A visit at the Do Good Data conference
Corporations are becoming more and more aware of how the growing availability of data will impact and transform their business model. But also in the nonprofit world, data literacy and analytical capacity is a key factor. One of the biggest conferences worldwide, which is dedicated to how nonprofits can harness the power of data in a responsible way, is the Do Good Data Conference, which took place at the University of Stanford in the beginning of February. Our colleague Daniel Kirsch attended the event and shares some of his insights in this posts.

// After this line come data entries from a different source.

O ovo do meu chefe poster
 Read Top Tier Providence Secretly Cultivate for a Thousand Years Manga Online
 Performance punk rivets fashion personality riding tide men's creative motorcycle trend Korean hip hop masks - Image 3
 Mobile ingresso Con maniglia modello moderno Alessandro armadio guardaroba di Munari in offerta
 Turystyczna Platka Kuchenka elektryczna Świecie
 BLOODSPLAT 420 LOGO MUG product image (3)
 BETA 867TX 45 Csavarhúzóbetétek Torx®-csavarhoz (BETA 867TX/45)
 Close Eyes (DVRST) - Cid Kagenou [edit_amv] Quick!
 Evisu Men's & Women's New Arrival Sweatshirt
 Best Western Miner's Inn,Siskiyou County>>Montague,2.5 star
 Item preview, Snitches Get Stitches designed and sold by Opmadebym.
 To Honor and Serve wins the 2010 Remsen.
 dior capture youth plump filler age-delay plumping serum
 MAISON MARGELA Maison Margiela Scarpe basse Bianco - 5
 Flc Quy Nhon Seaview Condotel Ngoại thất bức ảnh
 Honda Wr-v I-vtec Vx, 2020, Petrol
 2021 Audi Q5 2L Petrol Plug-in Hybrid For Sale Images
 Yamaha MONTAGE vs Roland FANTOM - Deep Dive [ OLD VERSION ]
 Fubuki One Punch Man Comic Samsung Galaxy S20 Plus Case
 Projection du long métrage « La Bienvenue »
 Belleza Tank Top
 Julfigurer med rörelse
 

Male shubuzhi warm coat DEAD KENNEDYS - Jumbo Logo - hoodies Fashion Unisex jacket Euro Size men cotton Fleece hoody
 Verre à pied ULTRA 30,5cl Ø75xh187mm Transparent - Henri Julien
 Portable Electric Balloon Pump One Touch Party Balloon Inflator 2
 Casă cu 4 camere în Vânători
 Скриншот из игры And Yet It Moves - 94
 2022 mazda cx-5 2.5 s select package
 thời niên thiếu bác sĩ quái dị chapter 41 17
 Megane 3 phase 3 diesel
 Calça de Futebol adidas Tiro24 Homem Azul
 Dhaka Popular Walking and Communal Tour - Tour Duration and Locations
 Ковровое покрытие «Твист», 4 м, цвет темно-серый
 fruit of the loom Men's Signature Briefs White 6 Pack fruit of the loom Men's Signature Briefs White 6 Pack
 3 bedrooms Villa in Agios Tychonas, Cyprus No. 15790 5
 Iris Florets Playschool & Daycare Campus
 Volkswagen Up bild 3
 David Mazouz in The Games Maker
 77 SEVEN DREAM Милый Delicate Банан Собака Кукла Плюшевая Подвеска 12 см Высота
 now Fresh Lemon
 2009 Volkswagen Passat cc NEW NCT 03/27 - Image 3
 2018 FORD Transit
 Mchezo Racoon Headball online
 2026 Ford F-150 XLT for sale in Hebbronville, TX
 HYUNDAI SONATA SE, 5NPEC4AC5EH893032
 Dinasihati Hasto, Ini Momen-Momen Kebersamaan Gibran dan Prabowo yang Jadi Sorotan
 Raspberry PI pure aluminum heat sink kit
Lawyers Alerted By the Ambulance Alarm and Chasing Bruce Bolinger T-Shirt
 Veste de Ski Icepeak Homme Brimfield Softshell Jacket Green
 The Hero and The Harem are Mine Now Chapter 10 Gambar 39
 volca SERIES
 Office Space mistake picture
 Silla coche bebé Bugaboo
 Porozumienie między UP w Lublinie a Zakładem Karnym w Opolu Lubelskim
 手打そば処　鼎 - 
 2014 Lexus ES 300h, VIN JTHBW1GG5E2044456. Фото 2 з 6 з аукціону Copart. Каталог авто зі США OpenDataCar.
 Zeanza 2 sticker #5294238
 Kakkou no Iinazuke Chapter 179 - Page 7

Nonprofits do data differently
While working with nonprofits is not exactly idalab’s main focus, the cause is certainly close to our hearts. As a data science agency, our work at idalab necessarily centers around the opportunities of data and algorithms – in various industries and sectors. In my freetime, I also run a pro bono intermediary for data science, so the Do Good Data conference has each time been a major source of inspiration for me – both personally and professionally.
In the last two years, the conferences took place in Chicago. However, as the conference recently merged with the Data on Purpose conference, the event was hosted at the University of Stanford this year. This change also brought a slight change of focus with it. Previous Do Good Data conferences had more „lessons learned“, „what we have done“ and „practical skills“ sessions, which I really liked, because I could see what the „state of the art“ in data utilization in nonprofits is.
In this year’s conference there was one overarching topic being carried through many of the conference’s sessions: How should nonprofits approach data and algorithms as opposed to for-profits? What are ethical processes? Who needs to be included into decisions? What about the people represented in the data? What are models for governance?
Of course not all questions could be answered but places like Do Good Data / Data on Purpose are ideal melting pots to spark these discussions and carry them into the organizations that actually do the work.
Nonprofits must develop internal expertise
Not all sessions were purely meta though. Especially the breakout sessions were very hands on. I attended one that talked among other things about the challenges of attracting data nerds into nonprofits and government. Not many want to trade an attractive salary for a more meaningful job. Volunteering models like those of DataKind and Code for America (which have German equivalents in DSSG Berlin/CorrelAid and Code for Germany) can kickstart projects but for them to be sustainable nonprofits/government must develop internal expertise.
However, to get started it’s not that important to have the hardcore data nerds inhouse. It’s much more important to have a person that can translate from the nonprofit’s needs into technical solutions – someone that speaks both languages. This mirrors our own work at DSSG Berlin where we started to do data impact mapping workshops as a format to co-discover data opportunities in the work of nonprofits that approach us with often fuzzy requirements. Even with corporates and startups, idalab has been experiencing the same situation and “data opportunity workshops” are oftentimes the beginning of client contact.
Causal inference is hard
Given that I’m a mathematician, my favorite talk was given by Hal Varian (Google’s Chief Economist) about causal inference. He talked about RCTs, Natural Experiments, Instrumental Variables, Regression Discontinuity Designs and Difference in Difference and did not eschew showing some math. My main novel learning: I had never seen the use of synthetic controls before where a model is trained and evaluated on the population before a treatment is given. Then the effect is compared to the counterfactual predicted by the model.
Another highlight was Kristian Lum of the Human Rights Data Analysis Group talking about bias in predictive policing. The HRDAG is one of my long time favorite „Data for Good“ initiatives (read more about them at https://hrdag.org/). The problem with predictive policing is that policing is concentrated where historically the most crime has been observed. This creates a pernicious feedback loop. Those same areas are strongly policed which leads to more reported crime (due to the streetlight effect) which is fed back into the algorithm that can’t help but double down on these crime infested areas that produce the most reports. The algorithm becomes a self-fulfilling prophecy. (More on similar effects can be found in the book „Weapons of Math Destruction“ by Cathy O’Neil.)
The conference was, again, a great experience and the 15 hours of flight to San Francisco were well worth it. It’s a pity that so far Germany cannot offer anything comparable. But organizations like DSSG Berlin, CorrelAid and the Datenschule can be the spark of the movement. And there are good news: The Datenschule will have its own event called Datensummit this year. And also Data on Purpose / Do Good Data will under its new name and as part of the DIGITALIMPACT World Tour make a stop in Berlin. I’m very much looking forward to these events and hope they can intensify the discussion around data in nonprofits also here in Germany. The discussion is certainly much needed.